[[ RECORDS open ]]

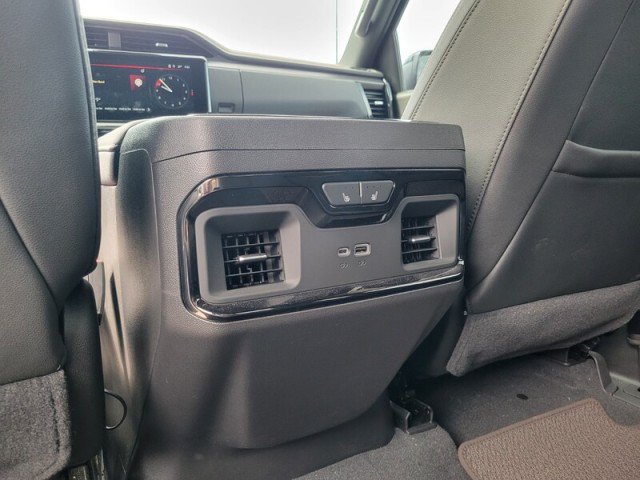 Used 2025 GMC Sierra 1500 AT4 w/ AT4 Premium Package AWD/4WD image 26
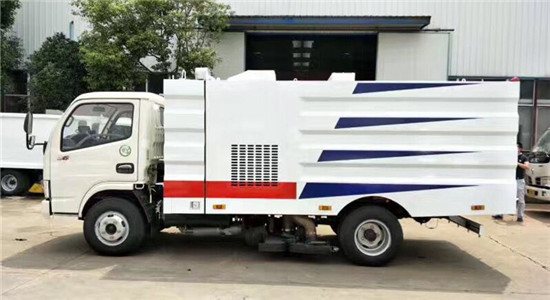 東風(fēng)小多利卡吸塵車(chē)︱5噸吸塵車(chē)圖片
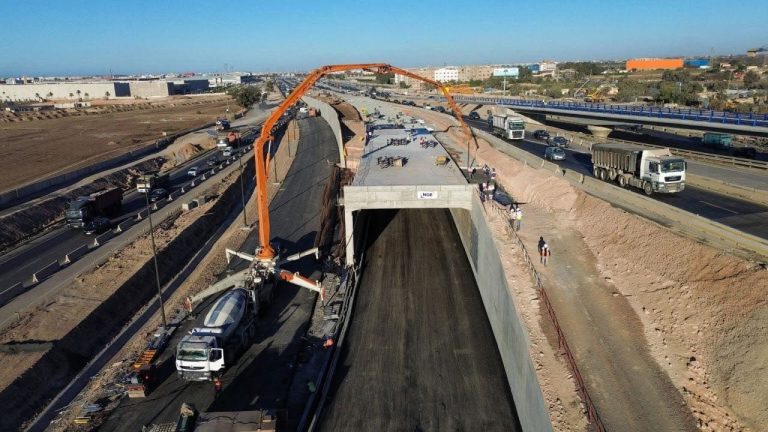 أشغال إعادة تهيئة الطريق السيار بين المحمدية والدار البيضاء تدخل مراحلها الأخيرة أشغال إعادة تهيئة الطريق السيار بين المحمدية والدار البيضاء تدخل مراحلها الأخيرة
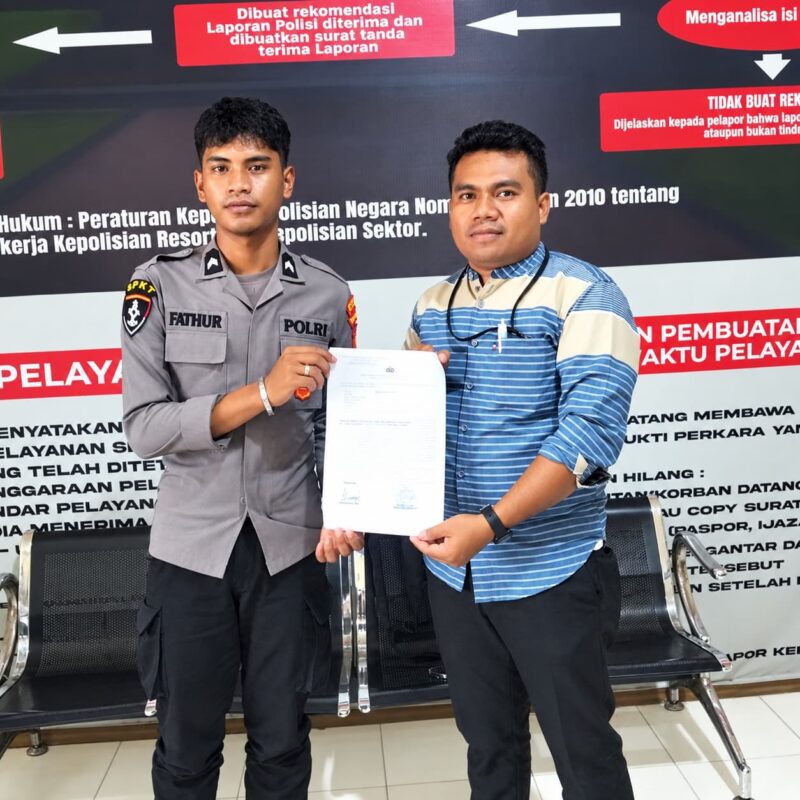 Kuasa Hukum MA saat Memasukkan Laporan atas JT ke Polres Halse. Dok: Istimewa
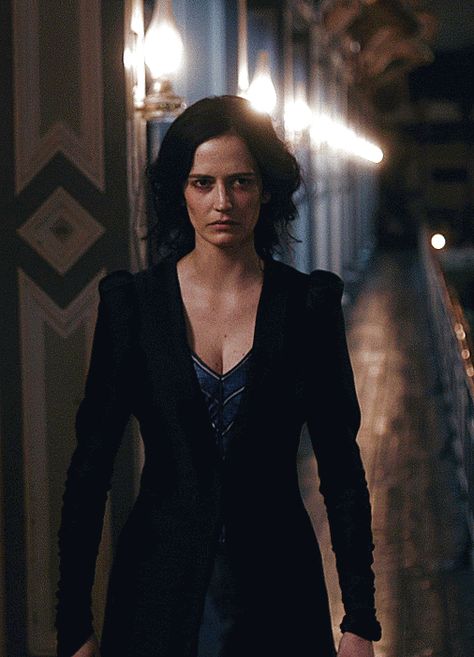 (99+) Vanessa Ives black coat and blue dress in Penny Dreadful 3x07 – @periodcostumefantasylover na Tumblrze Penny Dreadful Vanessa Ives, Penny Dreadful Dracula, Vanessa Ives, Archangel Gabriel, Harry Potter Dr, Black Sails, Penny Dreadful, Eva Green, Fantasy Story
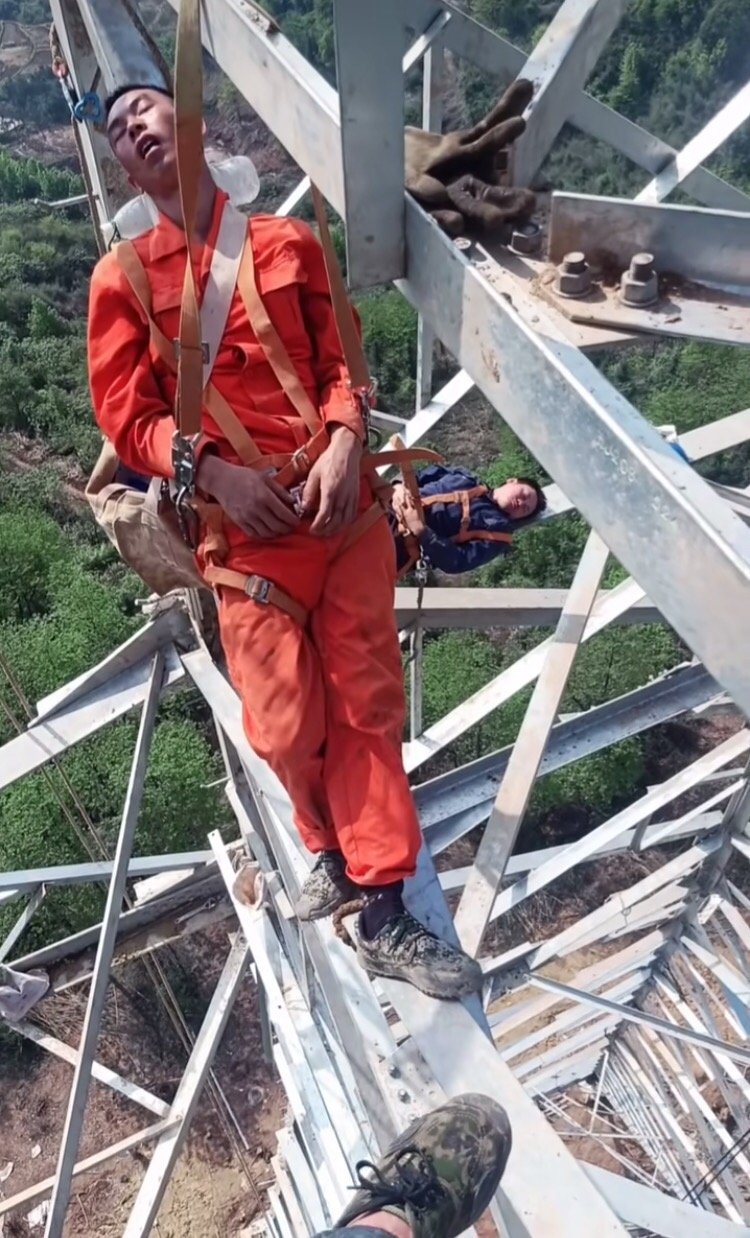 身上若无千斤担,谁拿生命赌明天!致敬,是你们让我们生活 点亮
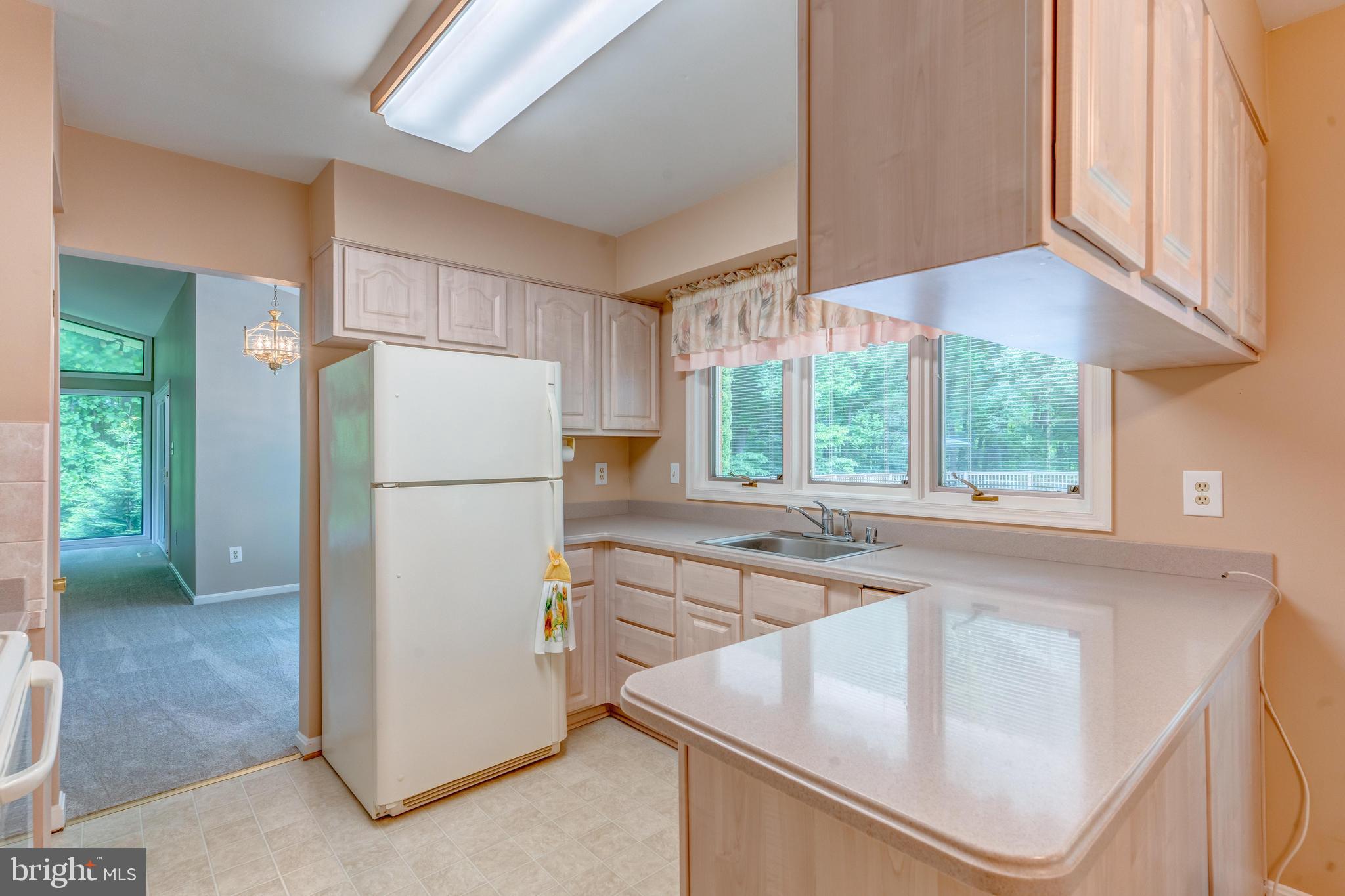 229 King James Road Upper Marlboro, MD 20774 - Photo 33 of 63 Kitchen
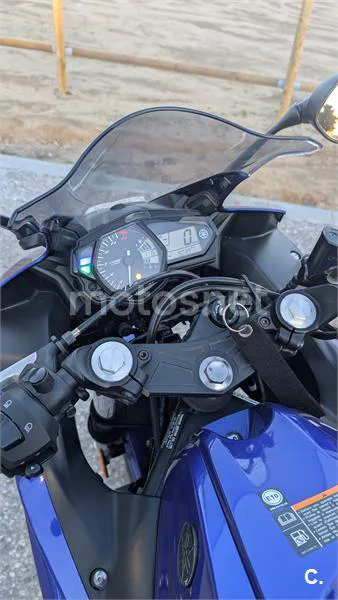 Yamaha R3 – Vista 9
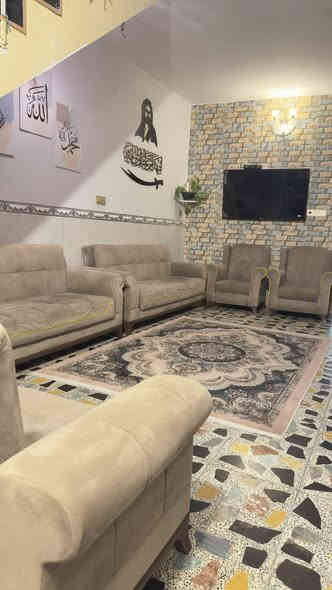 بسم الله الرحمـٰن الرحيم 
🏠دار للبيع طابو زراعي🏠
الموقع البلديات منطقة حي التراث المساحة 175 متر طابقين 
صالة
اربع غرف نوم وغرفة خامسة مخزن 
صحيات 3
مطبخ حار وبارد
يبعد عن الشارع العام 100 متر منطقة مرتبة ومتوفرة كل الخدمات
السعر 295 مليون وبي مجال للشراي
للاستفسار ***********
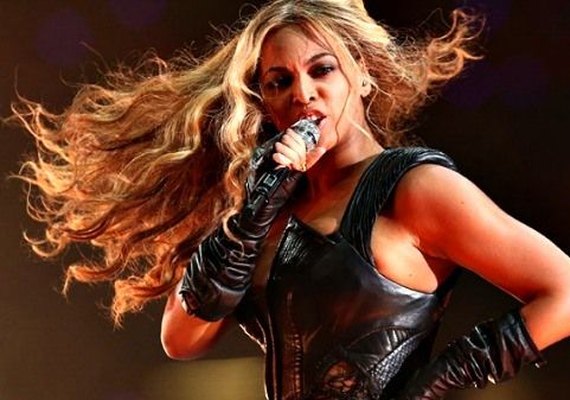 Racismo! Produtor causa polêmica ao chamar Beyoncé de gorila nas redes sociais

[[ RECORDS closed ]]

● YOUR TASK: Restate word for word the lines starting at the one that contains "229 King James" and ending at the last line of the data. Skip every picture.

● RESULT OF THIS TASK:
 229 King James Road Upper Marlboro, MD 20774 - Photo 33 of 63 Kitchen
 Yamaha R3 – Vista 9
 بسم الله الرحمـٰن الرحيم 
🏠دار للبيع طابو زراعي🏠
الموقع البلديات منطقة حي التراث المساحة 175 متر طابقين 
صالة
اربع غرف نوم وغرفة خامسة مخزن 
صحيات 3
مطبخ حار وبارد
يبعد عن الشارع العام 100 متر منطقة مرتبة ومتوفرة كل الخدمات
السعر 295 مليون وبي مجال للشراي
للاستفسار ***********
 Racismo! Produtor causa polêmica ao chamar Beyoncé de gorila nas redes sociais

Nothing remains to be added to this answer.